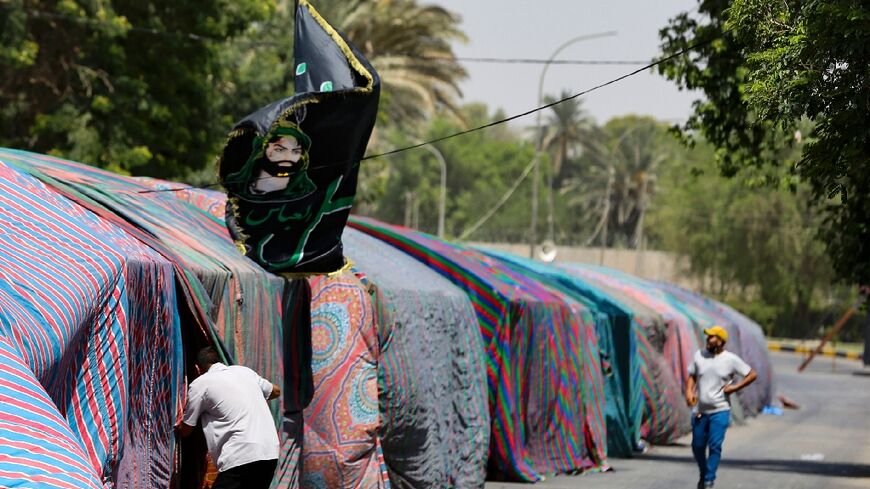 Supporters of Iraq's pro-Iran Coordination Framework gather near tents set up on a bridge leading to the capital Baghdad's Green Zone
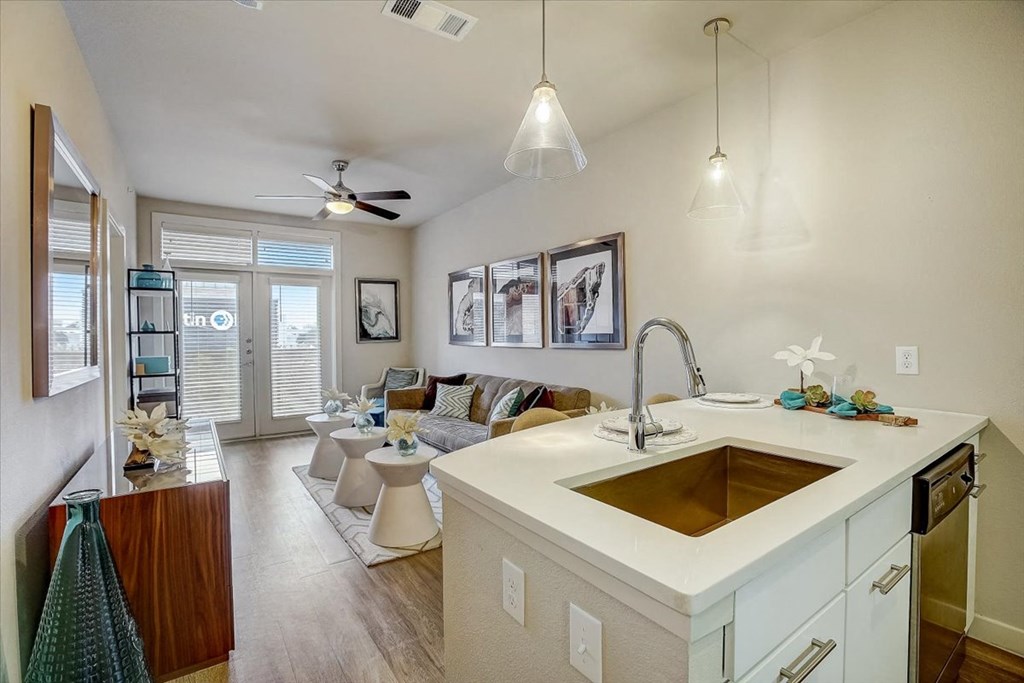 a kitchen with a sink next to a living room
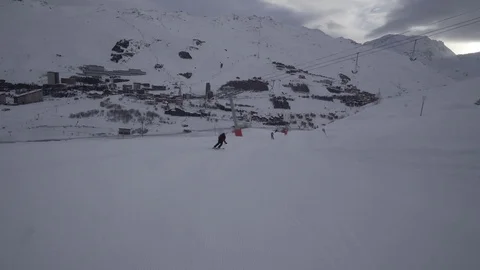 Young Skier man is Carving Down the Snowy Slope Wanderlust Stock Footage 84765871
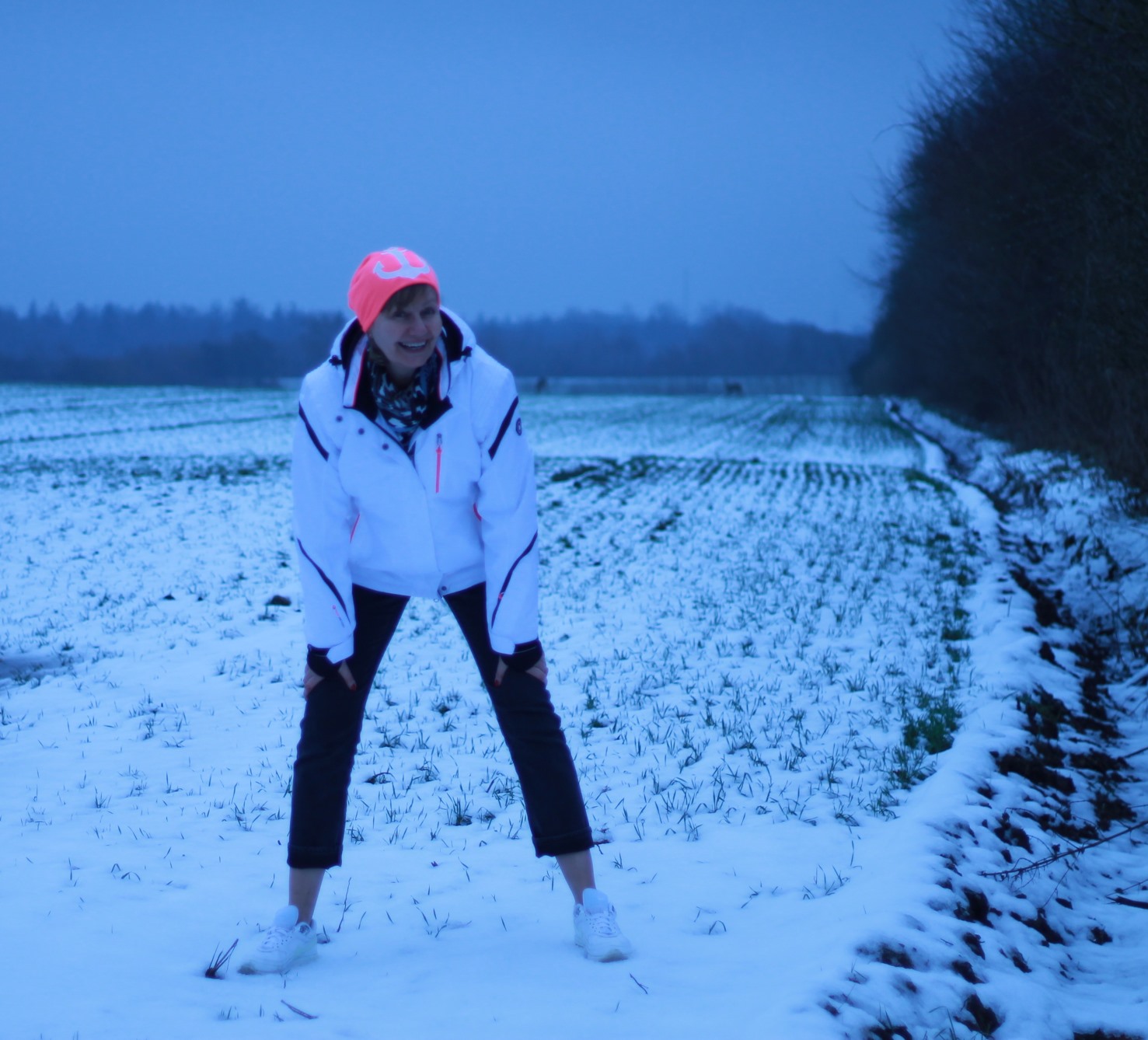 Feld Schnee weisse Jacke Muetze pink mit anker rehe in der ferne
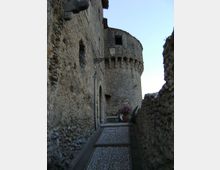 Vicolo stretto in pietra con pavimentazione a ciottoli e muri grezzi, illuminato da una lanterna a parete. In fondo si vede una grande torre cilindrica in muratura con beccatelli e piccole aperture, con un vaso di fiori vicino al passaggio.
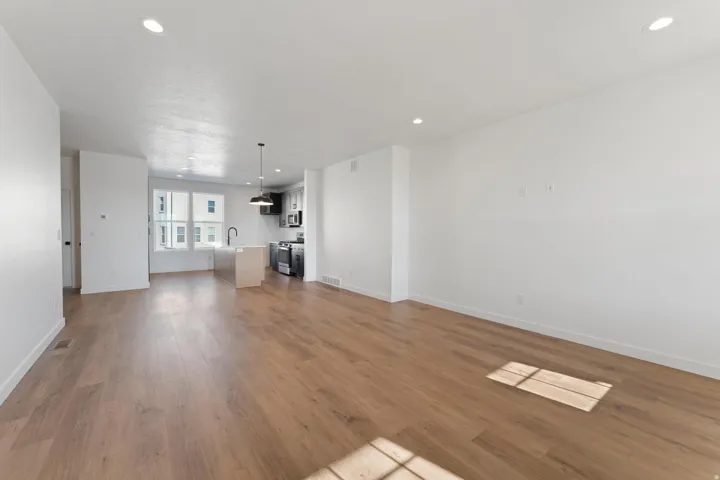 Open-concept living area with wood-finish flooring, recessed lighting, and a kitchen island featuring a black gooseneck faucet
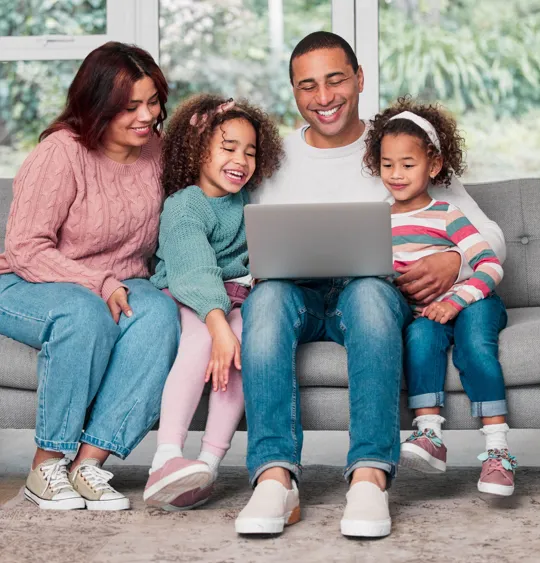 Happy family sitting on sofa, gathered around a laptop for learning or leisure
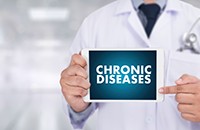 man in labcoat holding tablet saying Chronic Diseases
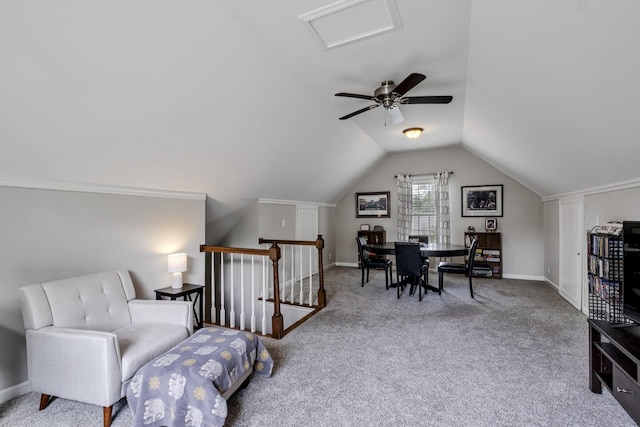 office space with lofted ceiling, carpet, baseboards, and attic access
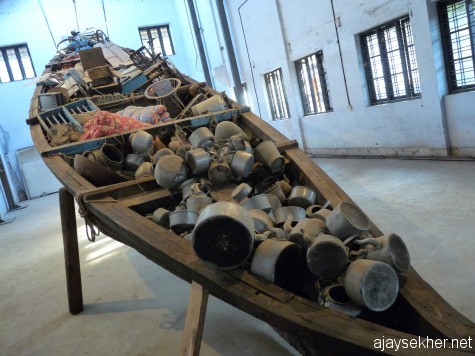 Phenomenal and awesome: Subodh Gupta's big installation using an old country boat of Kochi at Aspinwall.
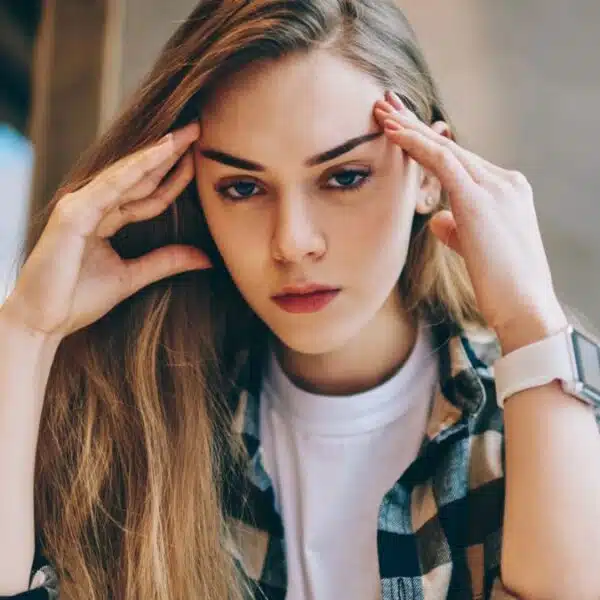 Woman stressed reviewing her finances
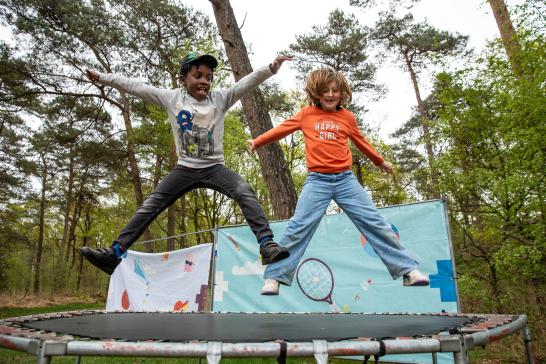 Kinderen springen op trampoline tijdens Wollebos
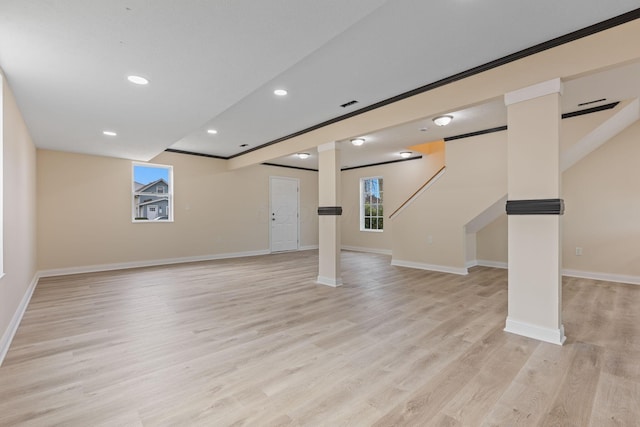 basement featuring light hardwood / wood-style floors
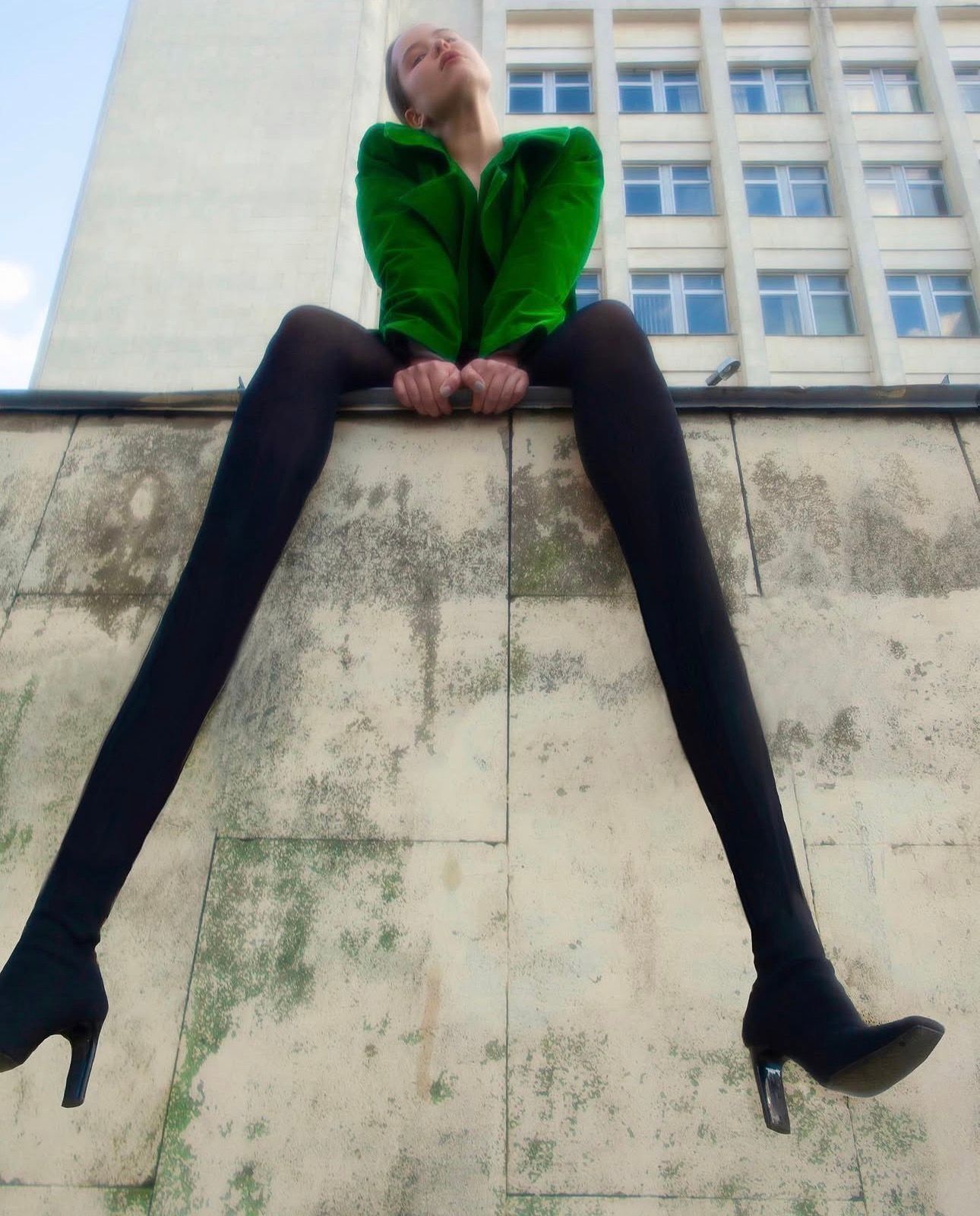 A woman in a green jacket sits on top of a weathered concrete wall, her elongated legs in black tights stretching down the wall, a modernist building behind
-------------------------
* **WHAT IS REQUIRED**
Pictures excluded, repeat the material above from its first line through the line containing "Feld Schnee weisse", both included.

* **RESPONSE**
 Supporters of Iraq's pro-Iran Coordination Framework gather near tents set up on a bridge leading to the capital Baghdad's Green Zone
 a kitchen with a sink next to a living room
 Young Skier man is Carving Down the Snowy Slope Wanderlust Stock Footage 84765871
 Feld Schnee weisse Jacke Muetze pink mit anker rehe in der ferne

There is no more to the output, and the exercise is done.